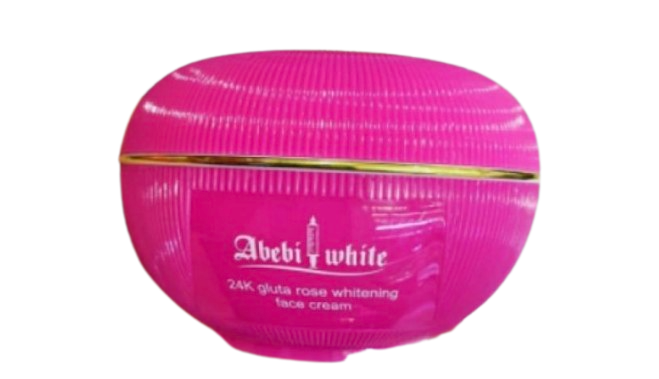 Abebi White Vip Skin Care Strong Gluta Rose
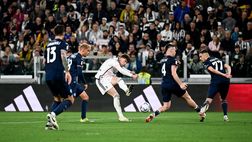 Juve-Lazio, le migliori immagini della semifinale d’andata di Coppa Italia – GALLERY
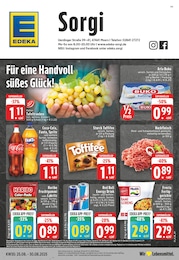 EDEKA Prospekt für Moers mit 24 Seiten EDEKA Prospekt für Moers: "Aktuelle Angebote", 24 Seiten, 25.08.2025 - 30.08.2025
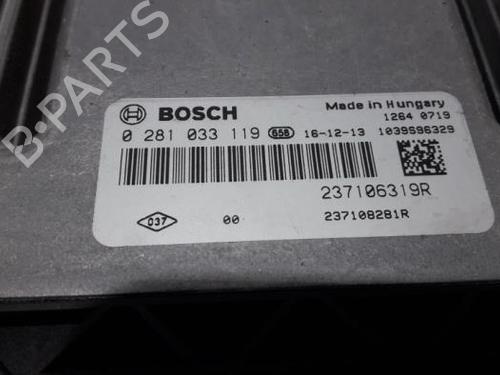 Engine control unit (ECU) RENAULT CLIO IV Grandtour (KH_) 1.5 dCi 90 (KHN3, KHN4) | BP31463514M57 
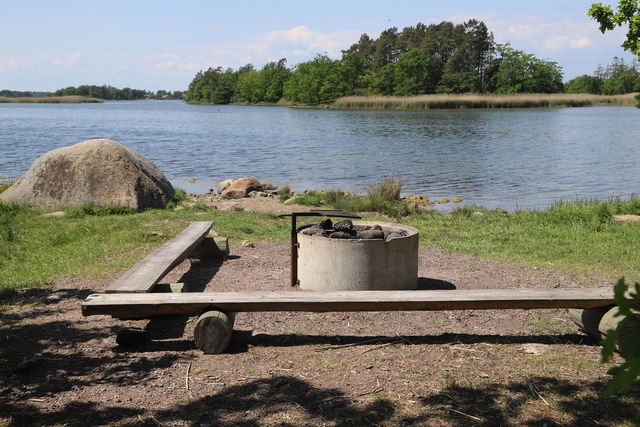 Grillplats, Stensö hundbad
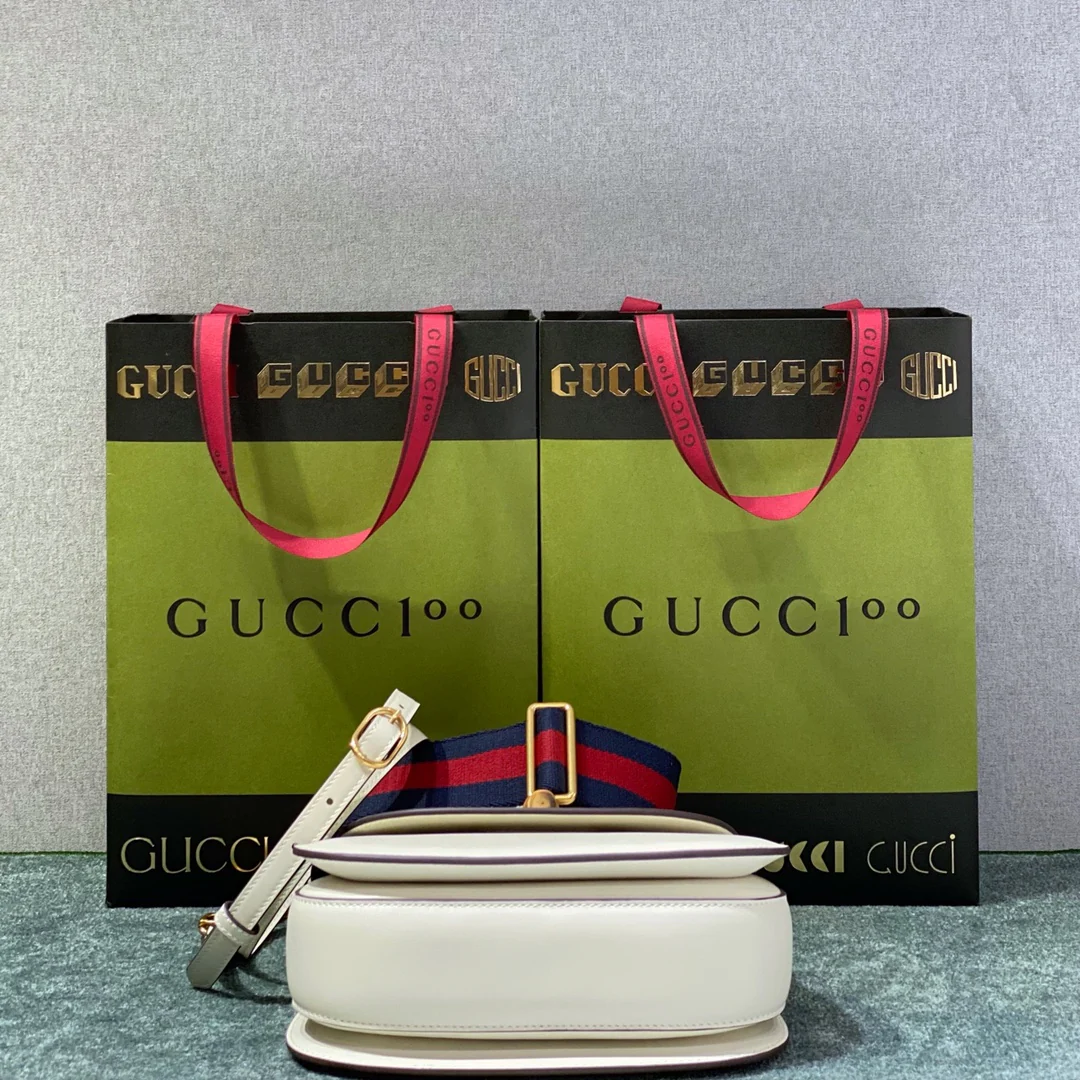 Коллекция ретро-сумок Gucci из бамбука - 2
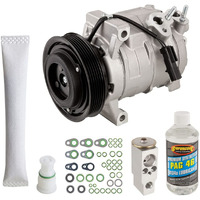Ac Compressor & A/C Kit For Dodge Ram 5.7L Hemi V8 2010 2011 - Includes Drier, Expansion Valve, Pag Oil & O-Ring Seals! - Buyautoparts 60-82836Rk New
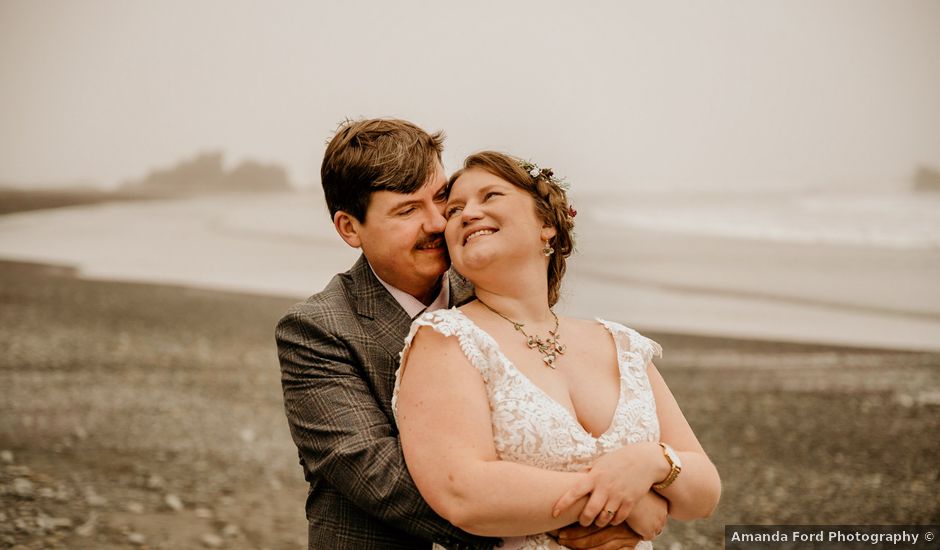 Chris and Brianna's Wedding in Forks, Washington
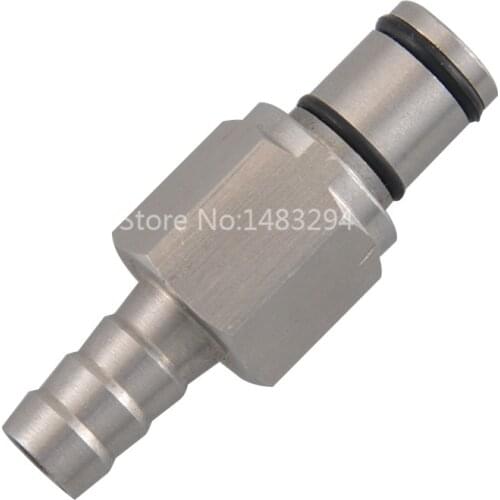 1x Quick-Release Coupling 180 Degree Fit For BMW HP4 S1000RR S1000R S1000XR R1200GS New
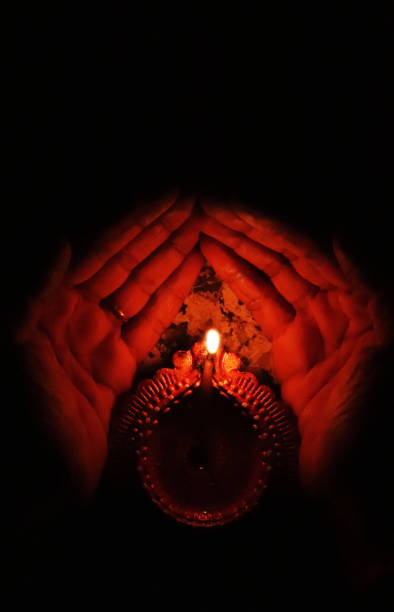 istock Diwali Festival Diya 1189741227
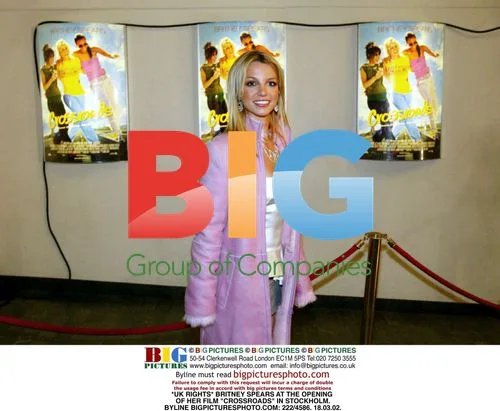 Britney Spears at Crossroads Premiere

### TASK
Return every entry above word for word, and include no images.

### RESULT FOR THIS TASK
 Abebi White Vip Skin Care Strong Gluta Rose
 Juve-Lazio, le migliori immagini della semifinale d’andata di Coppa Italia – GALLERY
 EDEKA Prospekt für Moers mit 24 Seiten EDEKA Prospekt für Moers: "Aktuelle Angebote", 24 Seiten, 25.08.2025 - 30.08.2025
 Engine control unit (ECU) RENAULT CLIO IV Grandtour (KH_) 1.5 dCi 90 (KHN3, KHN4) | BP31463514M57 
 Grillplats, Stensö hundbad
 Коллекция ретро-сумок Gucci из бамбука - 2
Ac Compressor & A/C Kit For Dodge Ram 5.7L Hemi V8 2010 2011 - Includes Drier, Expansion Valve, Pag Oil & O-Ring Seals! - Buyautoparts 60-82836Rk New
 Chris and Brianna's Wedding in Forks, Washington
 1x Quick-Release Coupling 180 Degree Fit For BMW HP4 S1000RR S1000R S1000XR R1200GS New
 istock Diwali Festival Diya 1189741227
 Britney Spears at Crossroads Premiere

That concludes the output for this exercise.